LensaNewsBanten,- LEBAK – Aktivitas pemasangan tiang dan kabel jaringan Wi-Fi milik My Republik di Kabupaten Lebak kian memantik kemarahan publik. Pasalnya, meski diduga belum mengantongi izin resmi, pemasangan infrastruktur tersebut telah berlangsung hampir dua bulan dan terkesan bebas melenggang tanpa penindakan. Sabtu.(31/2026).
Ironisnya, sejumlah tiang jaringan tersebut diketahui berdiri di atas lahan milik Pemerintah Kabupaten Lebak, termasuk di ruas jalan kabupaten dan provinsi. Namun hingga kini, tak satu pun tindakan tegas terlihat di lapangan.
Kondisi ini membuat Komite Nasional Pemuda Indonesia (KNPI) Kabupaten Lebak) geram. Sekretaris Jenderal KNPI Lebak menyebut praktik My Republik sebagai pembangkangan terang-terangan terhadap aturan.

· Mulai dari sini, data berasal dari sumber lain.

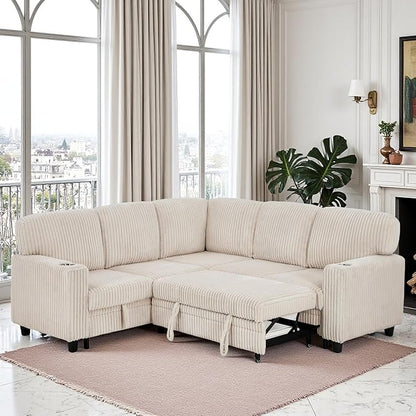 Couch, L-Shaped Sleeper Sofa with Storage, Sectional Couches for Living Room, 5-Seat Couch with Pull Out Bed, Convertible Sofa with USB Charging, for Living Room, Apartment, Beige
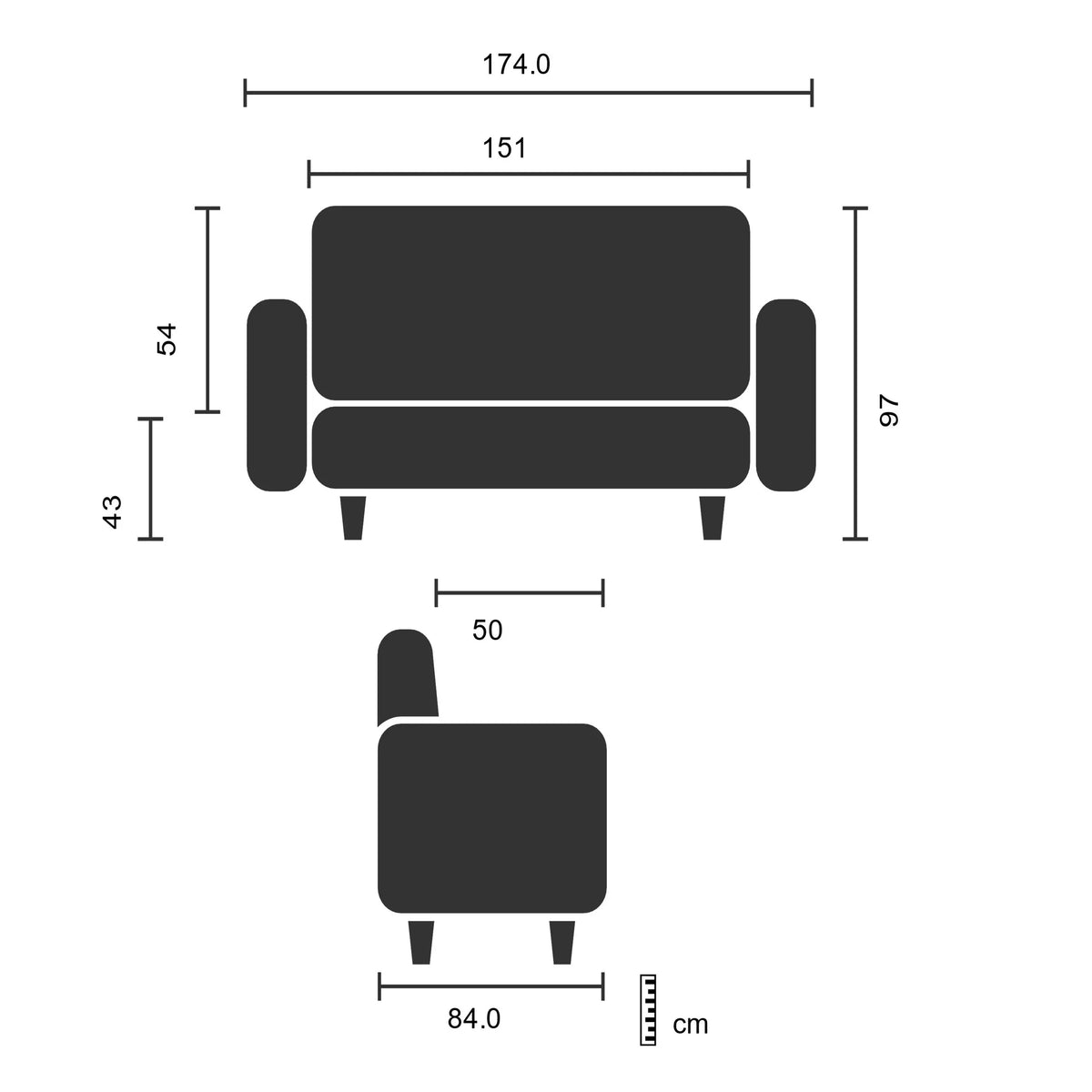Technische Zeichnung des Loungesofas LAGUN mit einer Breite von 174 cm von hjh OFFICE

“Ini bukan kelalaian, ini sudah masuk pembiaran. Hampir dua bulan diduga tanpa izin, tapi pemasangan tetap jalan. Negara jangan kalah oleh pengusaha,” tegas Sekjen KNPI Lebak.
Menurutnya, pemasangan tiang Wi-Fi tanpa izin PUPR adalah pelanggaran serius, apalagi dilakukan di atas aset daerah. KNPI menilai, jika benar izin belum dikantongi, maka aktivitas tersebut ilegal dan wajib dihentikan.
“Seharusnya izin dulu, baru pasang. Ini malah pasang dulu, izin belakangan. Aturan dibuat untuk siapa?” sindirnya keras.

KNPI Lebak juga menyoroti bahaya keselamatan publik akibat pemasangan tiang dan kabel yang dilakukan tanpa standar dan pengawasan.
“Tiang berdiri sembarangan, kabel menjuntai, tanpa koordinasi RT, RW, desa, atau kelurahan. Kalau sampai terjadi kecelakaan, siapa yang bertanggung jawab?” ujarnya.
KNPI menegaskan, berdasarkan UU Nomor 36 Tahun 1999 tentang Telekomunikasi, setiap penyelenggara telekomunikasi wajib mengantongi izin sebelum membangun dan mengoperasikan jaringan. Pelanggaran atas ketentuan ini dapat dikenakan sanksi pidana maupun denda.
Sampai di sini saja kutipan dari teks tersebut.